The panel addresses innovative strategies being designed and implemented to restructure economies and polities in the mid-20th c. The papers discuss the technical demands, novel forms of expertise and political imaginaries bound up with the sciences of planning and governing.

Long Abstract:

The promise of more effective, scientifically designed policy tools captured the imagination of politicians and economists across the globe in the mid-20th c. Heady debates over the relative value of markets and plans occupied some minds, while others proceeded to institutionalize economic planning as national mandate. Innovative approaches were proposed to improve policy, strategies that could only be realized if the proper tools and techniques could be designed to achieve the hopes invested in them. The papers in our panel analyze cases in which statisticians, economists and state officials grapple with the difficult task of designing alternative means of solving economic and political problems.
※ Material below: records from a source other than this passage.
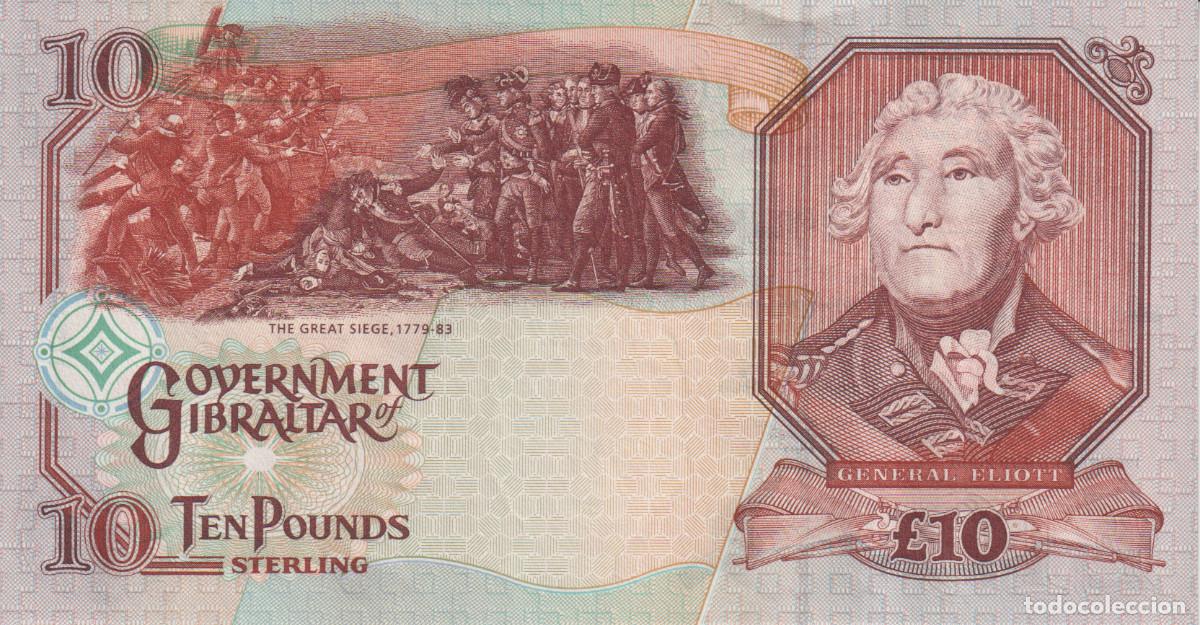 Billetes extranjeros: Gibraltar 10 pounds del 2006 Pick 32 SC/UNC - Foto 2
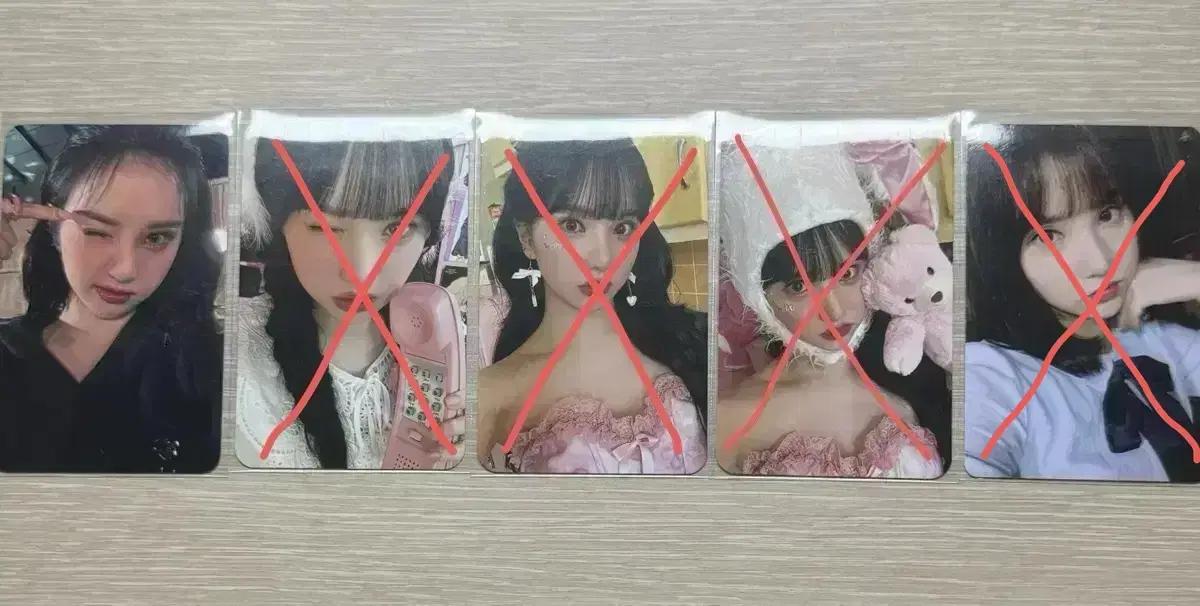 gfriend viviz eunha photocard
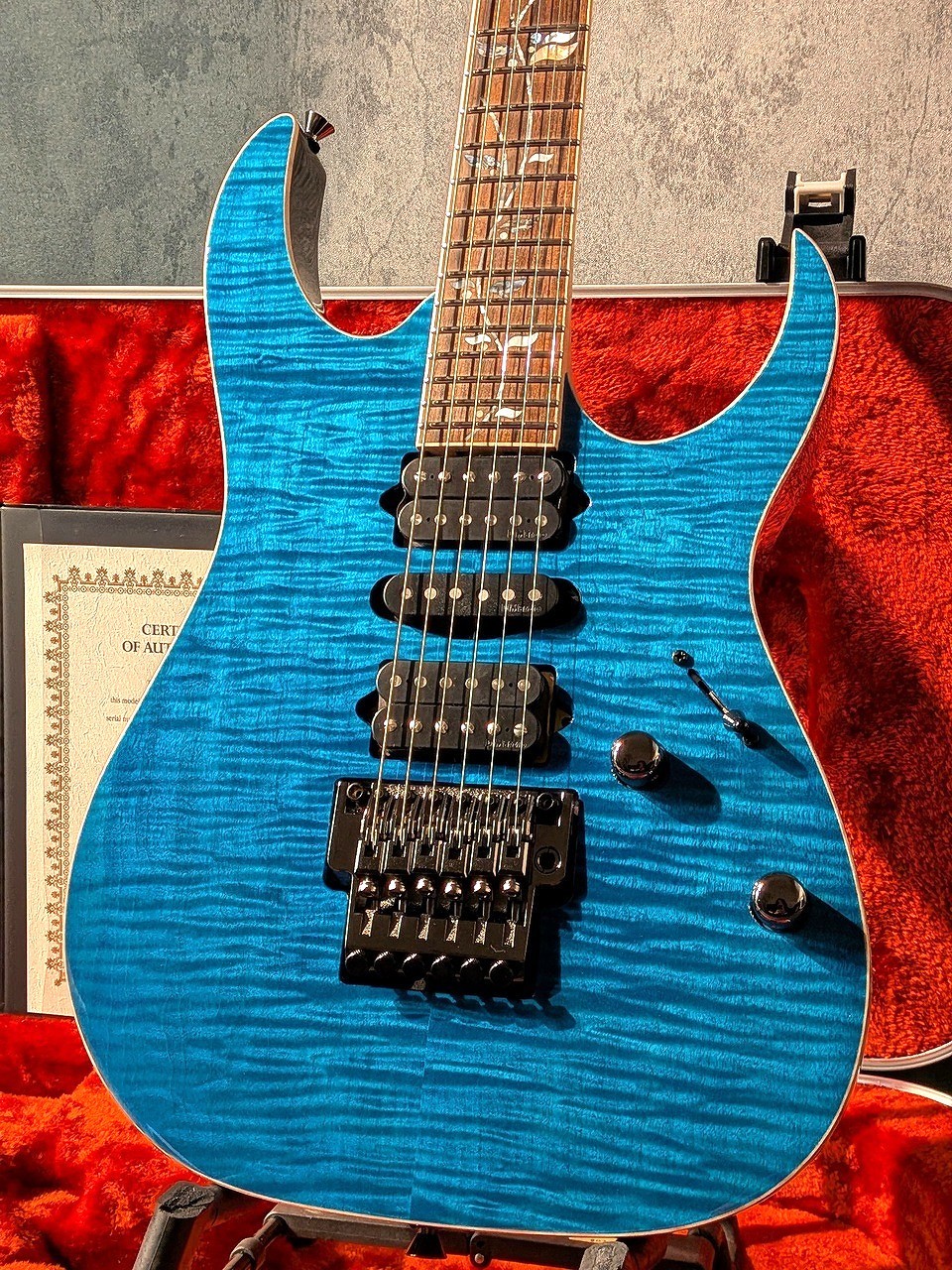 Ibanez 【良杢・人気カラー】j.custom RG8570 Royal Blue Sapphire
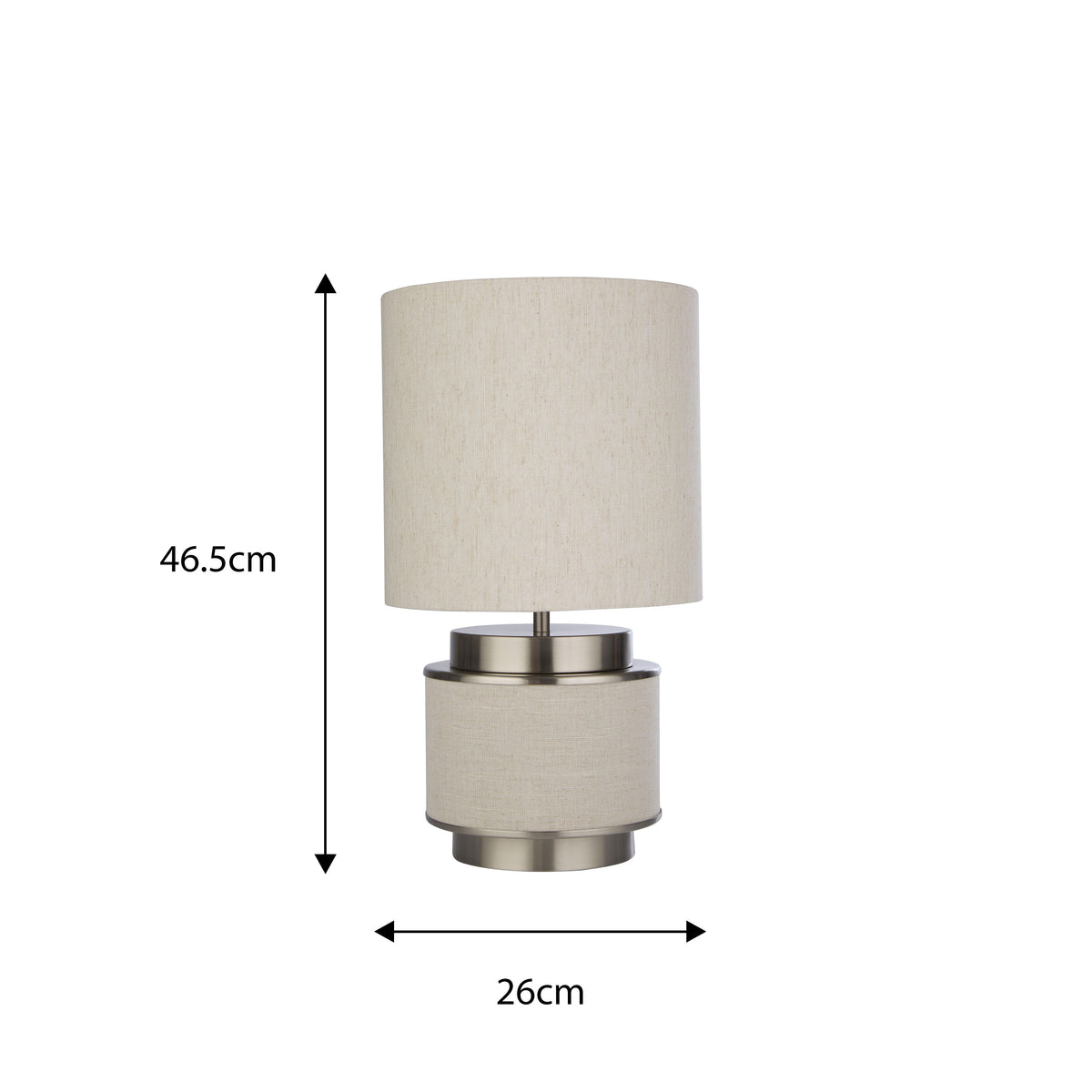 Lampe de bureau design nickel et jute - Ambiance chaleureuse — photo 3 Image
As we will demonstrate, technical details were often foregrounded in these efforts for immediacy's sake, but restructuring collectivities was the long term goal. Presentations will discuss the various temporal horizons envisioned in planning, the search for labor's potential, the nature of belonging in new polities, models for testing the limits of uncertainty, and the creation of new forms of knowledge and expertise. The constitution of markets and the dynamics of finance have been given extensive treatment in Science Studies, but the extensive role of economic planning in government policy and business has been neglected. This panel is intended to draw more attention to the significance of planning as a scientific endeavor and as a major field of economic analysis.